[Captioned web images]
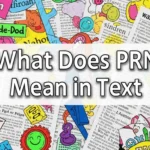 What Does PRN Mean in Text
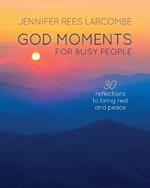 God Moments for Busy People: 30 reflections to start or end your day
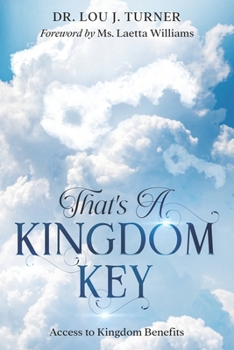 Paperback That's A Kingdom Key: Access to Kingdom Benefits Book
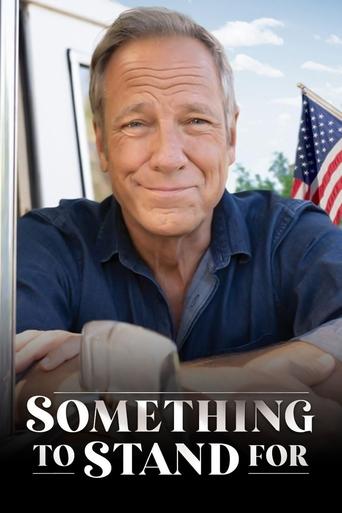 Watch Something to Stand for with Mike Rowe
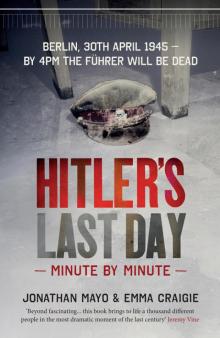 Hitler's Last Day Read online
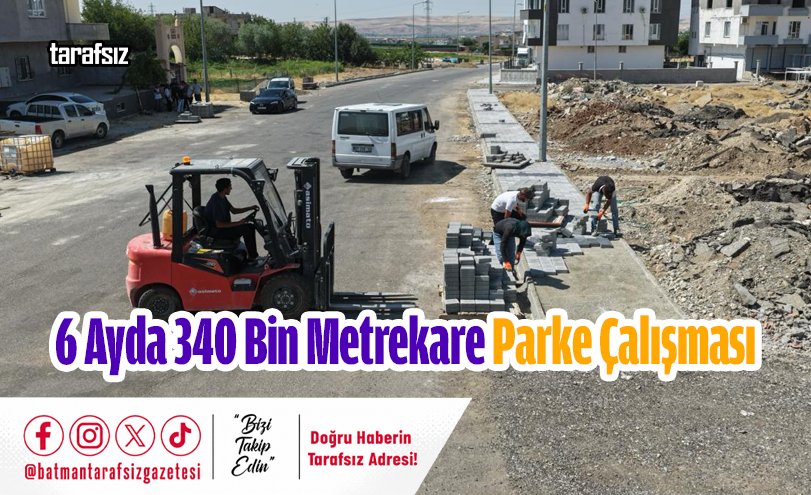 6 Ayda 340 Bin Metrekare Parke Çalışması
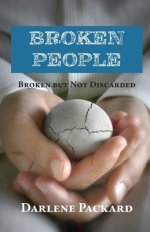 Broken People: Broken but not Discarded
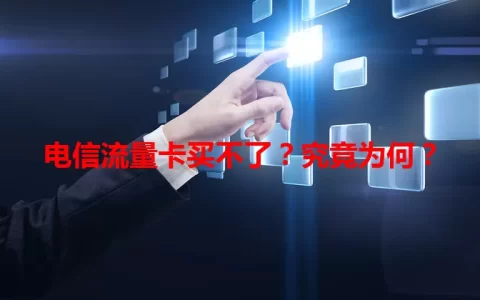 电信流量卡买不了？究竟为何？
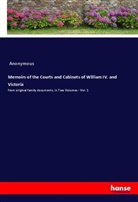 Anonymous, -- Anonymous - Memoirs of the Courts and Cabinets of William IV. and Victoria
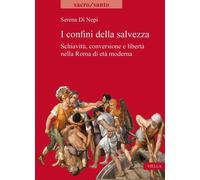 I confini della salvezza. Schiavitù, conversione e libertà nella Roma di età mod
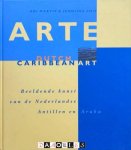 Adi Martis, Jennifer Smit - Arte: Dutch Caribbean Art. Beeldende kunst van de Nederlandse Antillen en Aruba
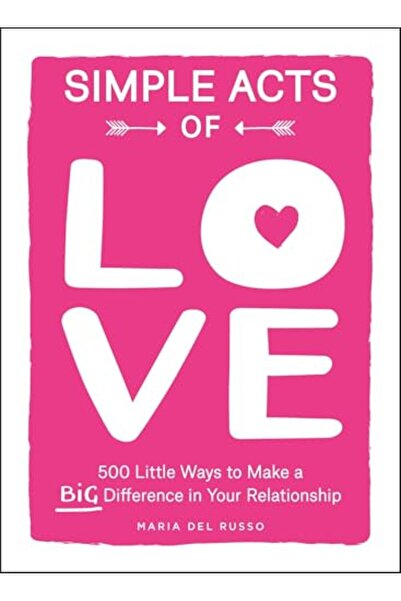 Adams Media Corporation Simple Acts of Love: 500 Little Ways to Make a Big Di...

**Exercise:** Reproduce the records above exactly, excluding every picture.

**Output:**
 What Does PRN Mean in Text
 God Moments for Busy People: 30 reflections to start or end your day
 Paperback That's A Kingdom Key: Access to Kingdom Benefits Book
 Watch Something to Stand for with Mike Rowe
 Hitler's Last Day Read online
 6 Ayda 340 Bin Metrekare Parke Çalışması
 Broken People: Broken but not Discarded
 电信流量卡买不了？究竟为何？
 Anonymous, -- Anonymous - Memoirs of the Courts and Cabinets of William IV. and Victoria
 I confini della salvezza. Schiavitù, conversione e libertà nella Roma di età mod
 Adi Martis, Jennifer Smit - Arte: Dutch Caribbean Art. Beeldende kunst van de Nederlandse Antillen en Aruba
 Adams Media Corporation Simple Acts of Love: 500 Little Ways to Make a Big Di...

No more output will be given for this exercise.